TORONTO (Reuters) - The Bank of Canada held its key overnight interest rate at 0.25% as expected on Wednesday and said it was ending its quantitative easing program, while signaling a rate hike might now come earlier next year than previously expected.
MARKET REACTION: CAD/
DOUG PORTER, CHIEF ECONOMIST, BMO CAPITAL MARKETS
"They (Bank of Canada) obviously think the conditions for quantitative easing are no longer there. So that's perhaps a little bit more aggressive than what the market was expecting. Their inflation forecast for next year has shifted very abruptly and is now basically in line with us - looking at an average inflation rate of more than 3% for next year."
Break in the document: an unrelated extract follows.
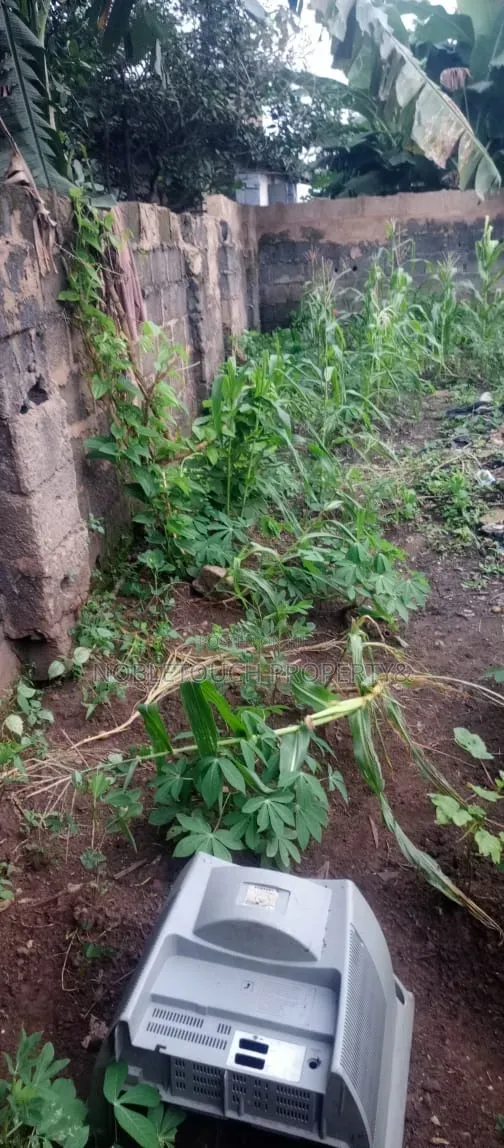 8bdrm Bungalow in Ifo Ogun State for sale in Ifo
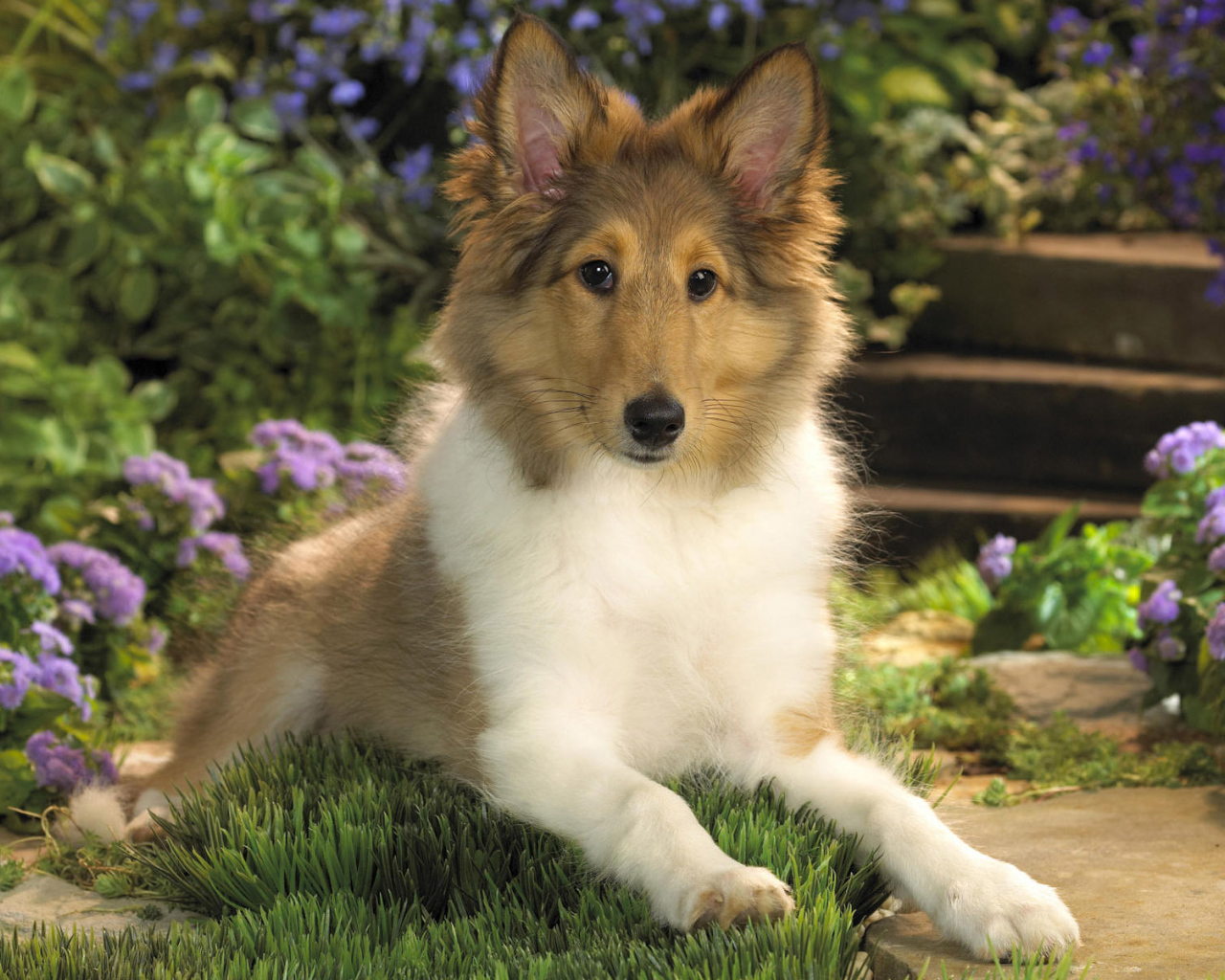 Милашка колли среди цветов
"They also see the output gap closing by around the middle of 2022, which is a little bit earlier than what they had expected before. It reinforces the view that the bank is likely looking at somewhat earlier rate hikes. We now expect them to start raising rates in July of next year, and we would look for hikes of a quarter point per calendar quarter."
"A lot of it just goes back to the many supply issues that the world is facing...the rise in demand that we're seeing just can't be met by the existing level of supply. We've got a fundamental mismatch, and so what it means is spending pressures have been channeled more into price increases instead of growth. And so real growth forecasts have been trimmed, but inflation forecasts have been raised. For the Bank of Canada, that's an uncomfortable place to be. But the reality is they're an inflation targeting central bank, and so they've got to adjust policy to where inflation is, not necessarily where growth is.
"There's really no need for an ultra-stimulative monetary policy at this point."
SIMON HARVEY, FX MARKET ANALYST, MONEX EUROPE AND MONEX CANADA
"The fact that they have brought it (closing of the output gap) forward to the middle quarters of 2022 reflects the labor market dynamics and the higher inflation and the bank is becoming more and more sensitive to the inflation overshoot. That is why you are seeing the loonie grind higher."
ANDREW KELVIN, CHIEF CANADA STRATEGIST, TD SECURITIES
"It's a bit of a hawkish surprise, not so much the quantitative easing, more the change in forward guidance talking about how they expect the slack to be absorbed in the middle two quarters of 2022, rather than the second half."